Table of Contents

Investigating a protocol thread RTE

Below, you can read how you can find the root cause when the following alarm is shown in the Alarm Console:

Thread problem in SLProtocol.exe: [DriverName/DriverVersion] ElementName – Protocolthread

User skills required

  • Basic knowledge of connectors.
  • Basic knowledge of how to use DataMiner Cube.

What does this alarm mean?

This alarm indicates that the protocol thread that is used to execute polling or logical flows has stopped showing activity for a specific duration. By default, this duration is 15 minutes.

The protocol thread is used by the element in the error and has an impact on the SLProtocol process that is running it. This can lead to other elements failing to perform polling or logical flows. This is indicated with "(+ x Pending)" at the end of the error message.

Investigation

  1. Confirm if the indicated element is really the first element for which the protocol thread stopped showing activity.

    1. In DataMiner Cube, go to System Center > Logging > DataMiner, and check the Watchdog log (see DataMiner logging).
    2. Search for the first indication of an RTE (i.e. search for "count = 1").
  2. Verify if the RTE is switching between active and cleared.

    • If this is the case, it means an operation is taking longer than 15 minutes (or 7.5 min for a half-open RTE).
  3. Request the pending calls for this element via the SLNetClientTest tool (see How to retrieve protocol pending calls).
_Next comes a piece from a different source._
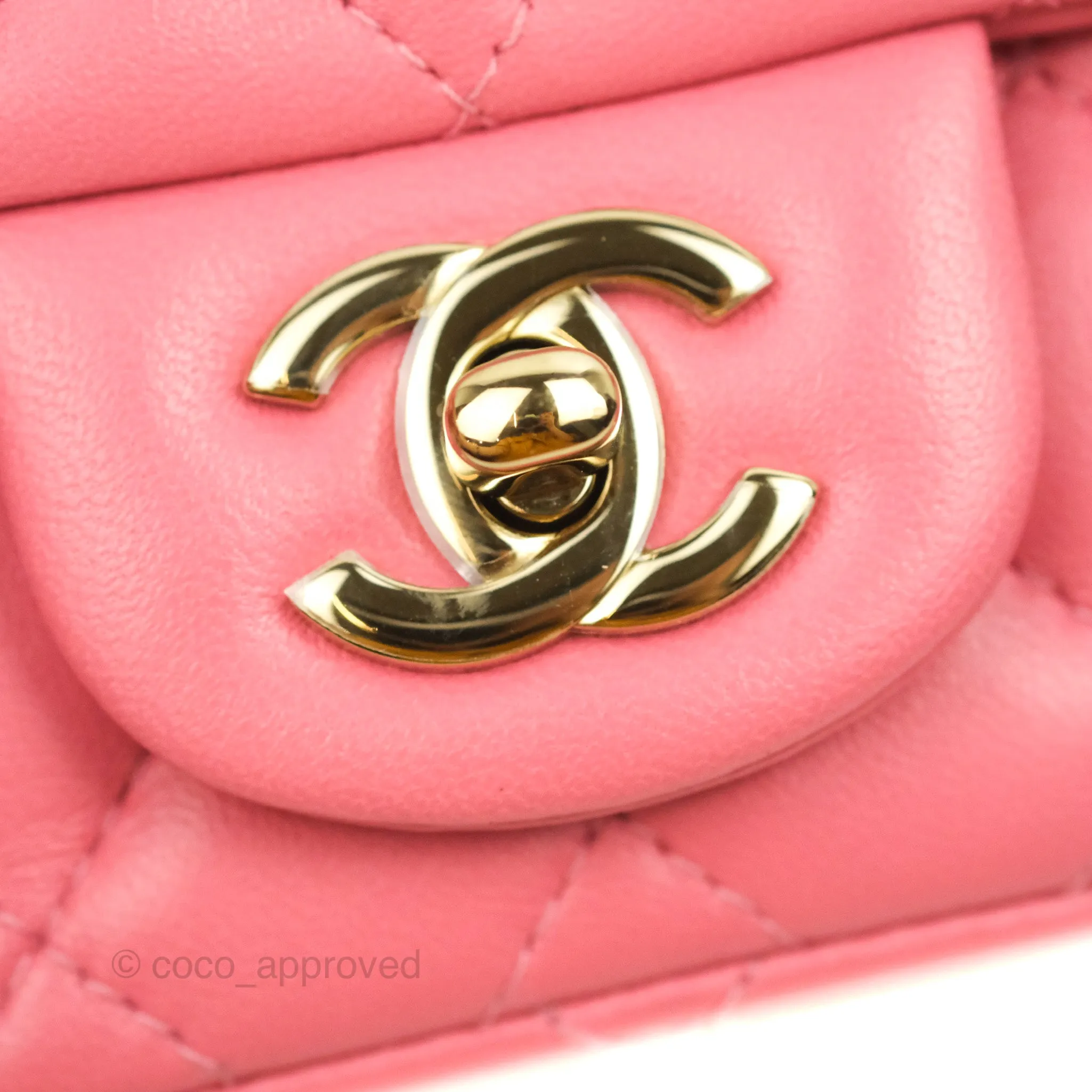 Chanel Mini Square Quilted Rosy Pink Lambskin Gold Hardware 21A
    • This is only useful if the error is still active.
    • This will indicate the amount of time a specific component in the connector is busy.
    • The group component that indicates the largest amount of time, longer than 15 minutes (or 7.5 for a half-open RTE), is the one blocking the activity on the protocol thread.

Resolving the issue

Verify the logic linked to the long-running group in the protocol definition. Either this group is taking a long time to fully finish or it is stuck, for example because of the malfunctioning of a (third-party) software component responsible for retrieving data from the data source.

As a rule of thumb, a group is finished when:

  • The content of the group is fully executed. For example, all data has been received for each request in the group.
  • All linked logic is fully executed. For example, a calculation that needs to be done after data has been received.

Use DataMiner Integration Studio to navigate through the defined logic linked to the detected group.

A poorly designed definition can have a cascade of linked logic. The longer the chain, the longer the group that initiated the first step will block the protocol thread.

To avoid this, break the chain by executing the logical flow via a new group. Polling of data depends on the communication speed and on the amount of info to retrieve. A large polling operation and even logical steps in a big workflow are best taken care of in different chunks.

Total estimated time

While investigating the issue should only take about 15 minutes, the time to resolve the issue depends on the complexity of the protocol involved, and can therefore vary a lot.